Each week, PPG summarizes important takeaways from Buffalo Common Council meetings. We also include information from council meetings related to our Community Agenda items. If you want to learn more about how the council meetings work and how you can get involved, check out our guide.

In the Regular Meeting, the council sent a few items on to committees for further discussion. One was Comptroller Barbara Miller-Williams’ response to the acting mayor’s proposed budget. It is one of the duties of the comptroller to review and respond to the budget. Miller-Williams acknowledged that it’s hard to maintain city services when the city is in a financial crisis. However, she questioned the budget’s reliance on uncertain revenues (like the successful approval and creation of a parking ramp authority). She was, she said, “deeply concerned about the city’s ability to sustain these levels of operations” going forward. This letter will be discussed at the Finance committee on May 6 at 10am.
 
Council members sent some new meeting regulation proposals to the Rules Committee for discussion. This committee meets only periodically—when the council wants to amend the rules that govern their meetings. They will convene on May 6 at 11am. This proposal would restrict what people can wear to meetings, what the public is allowed to say, and who the council will allow to speak; one rule is, in fact, titled “Prohibited Attire and Political Expression in Council Chambers.”
 
Council Member Golombek spoke about the importance of his proposal, “Making it Easier to Run for Office in the City of Buffalo.” When someone wants to run for elected office, the first step is to get signatures from voters. By signing, a voter is essentially saying, “yes, I want this person to be able to run.” Right now, candidates for common council must get 500 signatures to run.
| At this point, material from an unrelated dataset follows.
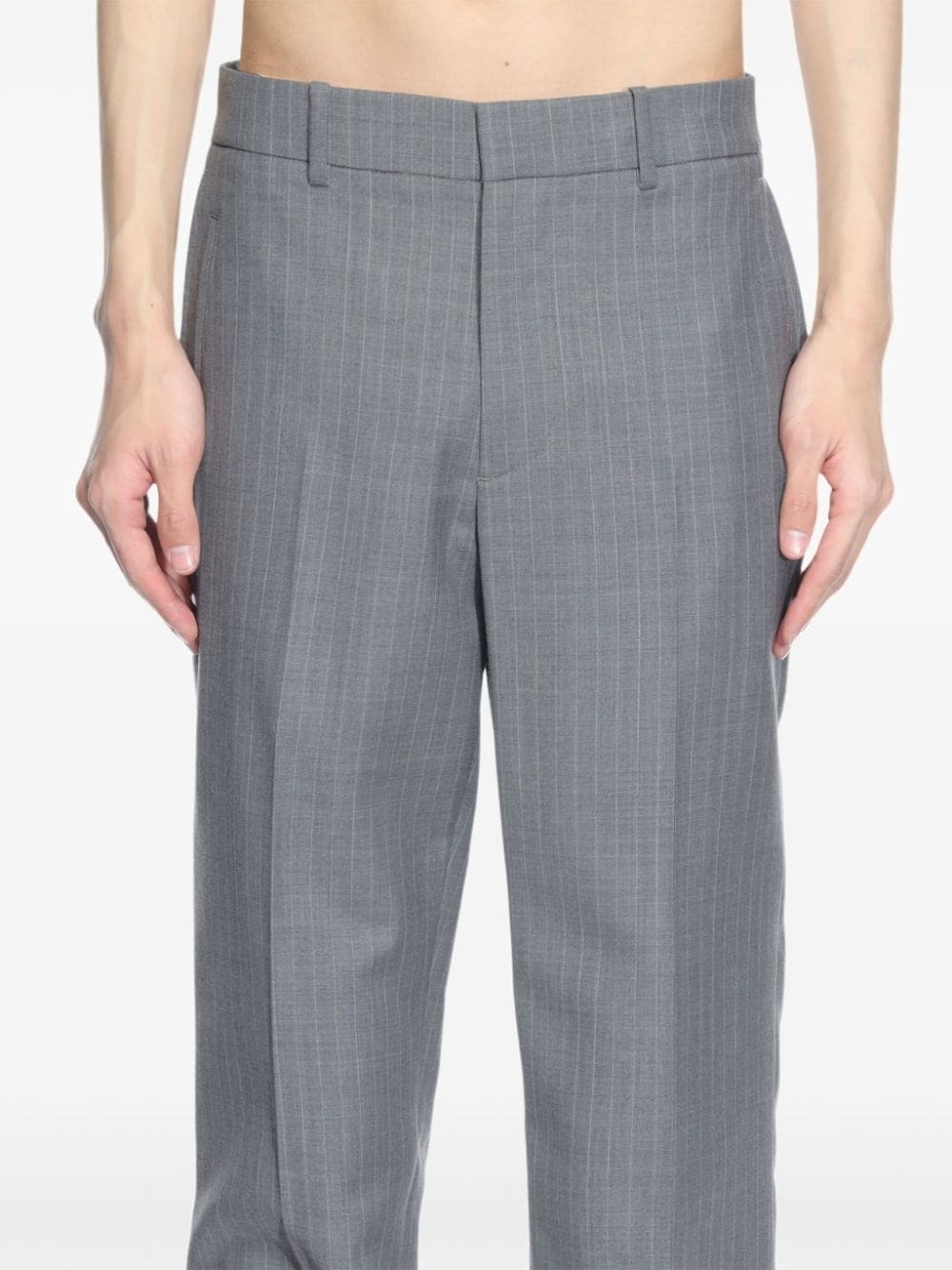 straight-leg tailored wool trousers - 5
However, a candidates’ opponents will usually challenge their signatures and try to get them knocked off the ballot. Because of this, candidates usually try to get double or even triple the number of required signatures to ensure their place on the ballot. Candidates only have about a month to get these signatures, so it can be very difficult to do.
 
Golombek’s resolution asks the law department to draft legislation that would halve the number of signatures required. Under the proposal, mayoral candidates would have to get 1,000 instead of 2,000 signatures, and common council candidates would have to get 250 instead of 500 signatures. This resolution, the council member explained, came from Paul Wolf, the activist lawyer who founded New York Coalition for Open Government. “Mr. Wolfe believes the city’s charter allows us” to do this, Golombek said, and it would lower the barriers to participation in elections. This will be sent to the Legislation Committee for their May 6 meeting.
 
This week, there was a public hearing for the proposed 2025-2026 City of Buffalo budget. This was the one time when members of the public could come and talk about any part of the budget that they love, or hate, or don’t understand. Most speakers talked about the $5 million that the city has slated to build out a new police training facility. They said that this was a misuse of scarce funds, which many in the neighborhood and the city do not support. Others spoke about the fact that the city was once again relying on one-shot revenue deals (like selling the city’s parking ramps) and as-yet-nonexistent legislation (like the hotel bed tax.) Holly Grant, from Arts Services Inc. congratulated the city for budgeting money for frontline arts organizations but reminded them that these funds are almost never actually distributed.